I am one in four.
At first glance, you see a mom looking on as her child proudly holds the newest addition to their family. A concentrated look paints a picture of a daughter who has waited what felt like years for a sibling. But this picture-perfect moment is far from perfect.
Only one big sister appears in this photo, but I am a mother to three 7-year-olds…one triplet on earth and two in heaven.
When you look at this picture, you see a mother feeling immense joy at that moment. But what you don’t see is the pain. The pain of holding a child as she takes her final breath. The pain of planning a funeral, instead of decorating a nursery. The pain that lingers, years after that final goodbye.
While it may change over time, grief doesn't go away. Even if you go on to have more children, they will never replace your child who died.
No matter how many years have passed, there will always be a piece of my heart, shattered without two of my triplets. But over time, I have learned how to manage the grief, even tuck that pain away, so it's not visible on the surface.
Because that's what society expects us to do.
People don't want to see me cry. Many people don't even want to acknowledge a loss. For decades, pregnancy and child loss has been a taboo topic. It’s something that makes people cringe and uncomfortable.
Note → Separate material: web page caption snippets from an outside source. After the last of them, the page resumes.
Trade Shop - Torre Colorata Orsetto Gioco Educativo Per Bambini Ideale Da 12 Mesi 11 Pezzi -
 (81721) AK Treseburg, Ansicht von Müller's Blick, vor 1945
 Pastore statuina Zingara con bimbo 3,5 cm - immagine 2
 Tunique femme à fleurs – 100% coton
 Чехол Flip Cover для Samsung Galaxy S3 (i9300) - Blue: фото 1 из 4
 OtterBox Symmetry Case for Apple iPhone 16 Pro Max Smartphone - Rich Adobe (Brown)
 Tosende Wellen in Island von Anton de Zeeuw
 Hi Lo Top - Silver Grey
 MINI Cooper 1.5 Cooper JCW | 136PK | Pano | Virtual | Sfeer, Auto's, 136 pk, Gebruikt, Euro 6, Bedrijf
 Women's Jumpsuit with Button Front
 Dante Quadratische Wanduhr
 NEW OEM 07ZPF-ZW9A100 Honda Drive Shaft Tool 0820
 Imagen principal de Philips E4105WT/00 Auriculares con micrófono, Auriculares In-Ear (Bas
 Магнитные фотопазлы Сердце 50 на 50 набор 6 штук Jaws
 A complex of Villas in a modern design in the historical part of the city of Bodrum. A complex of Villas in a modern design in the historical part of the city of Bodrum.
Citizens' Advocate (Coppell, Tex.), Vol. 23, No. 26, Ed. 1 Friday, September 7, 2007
I’ve witnessed it firsthand when I mention my children in Heaven.
But, here's the thing — chances are someone you know has experienced a loss. Maybe it's a friend or neighbor. Maybe it's your child's soccer coach. Maybe it's the woman you watch on the news.
One in four women experiences a loss — whether it be through miscarriage, stillbirth or infant loss.
As you look at this picture, you see a loving moment between a mother and daughter. You see a beautiful baby, just hours old; the final piece of the puzzle in this family’s long, tangled journey.
And while you see a proud big sister, what you don't see is the special bond that child shares with her siblings in Heaven. She may not get to play with them at the park, or walk side-by-side with them at school, but she knows all about her brother and sister. Abby and Parker. Their names are often spoken in our home. They will always be part of our lives.
You may only see two girls in this photograph, but I am the mother of four beautiful children.
I am one in four. And I am not alone.